よ・読み終わってしまったーー……“守り人シリーズ”最終巻「天と地の守り人 第三部」。
こんなに読み終わってしまって残念なシリーズって久し振りかも。
新ヨゴ皇国の皇軍は、切り捨てるところは切り捨て、籠城を覚悟で帝が住む光扇京を守ることにする。とはいうものの、ずっと平和であった新ヨゴ皇国。兵法も随分古いものでどうにもこうにも頼りなく、緒戦は惨敗となる。
一方バルサは、皇軍に切り捨てられた、かつては行商たちが集まって賑わっていた四路街へやってくる。
そして商人たちに雇われた、バルサの同業人・護衛士たちと話し合い、ロタ王国へ商人・平民たちを逃がすことにした。
間一髪で燃え上がる四路街。そこはタルシュ軍と新ヨゴ軍との戦場となった。
またもや新ヨゴ軍がやられる……という瞬間、チャグム率いるロタ王国・カンバル王国の連合軍が後ろから攻めてくるのだった!
こういう援軍がやってくるっていうのは、お約束っちゃあお約束だけれども、心が躍る。醍醐味というやつでしょう。
あと、「ツボをおさえてますね~」と思ったのが、このシーンのちょっと前で、四路街からの難民たちが騎馬武者に出会うシーン;
先頭の騎馬武者がちかづき、その顔がみえはじめたとき、ガシュは目をまるくした。
p107-110
…(中略)…
そしてロタとカンバルの騎馬兵をひきい、みがきあげられたカンバルふうの胴当てをまとっている先頭の騎馬武者は、なんと、ヨゴ人だった。
…(中略)…
若者は兜をとり、わきにかかえると、しずかな声でいった。
「そなたらに、文書をわたす。
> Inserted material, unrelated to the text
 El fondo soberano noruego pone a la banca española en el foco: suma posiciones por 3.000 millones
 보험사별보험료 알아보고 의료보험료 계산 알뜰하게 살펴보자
イーハン王子への文書だ。戦がおわるまで、わが国からの避難民をうけいれてもらうよう、電化におねがいする。ジダンに着いたら王城へおもむき、この文書をわたすがいい。…(中略)…」
…(中略)…
じっと若者の手もとをみつめていたアオノは、文を書きおえた彼が、末尾にしたためた署名をみた瞬間、息をのんだ。
こおりついたように自分をみているアオノを、若者はしずかにみつめかえした。
…(中略)…
「あ……あなたさまは、い……いきて……。」
かすれ、あわれなほどにふるえている彼に、若者はこたえた。
「生きている。――海から、生きてもどった。」
この章の終りまで、チャグムの単語は出てこずに終わっているのだが、こういう演出とか小にくい。いやぁ~かっこいいですね。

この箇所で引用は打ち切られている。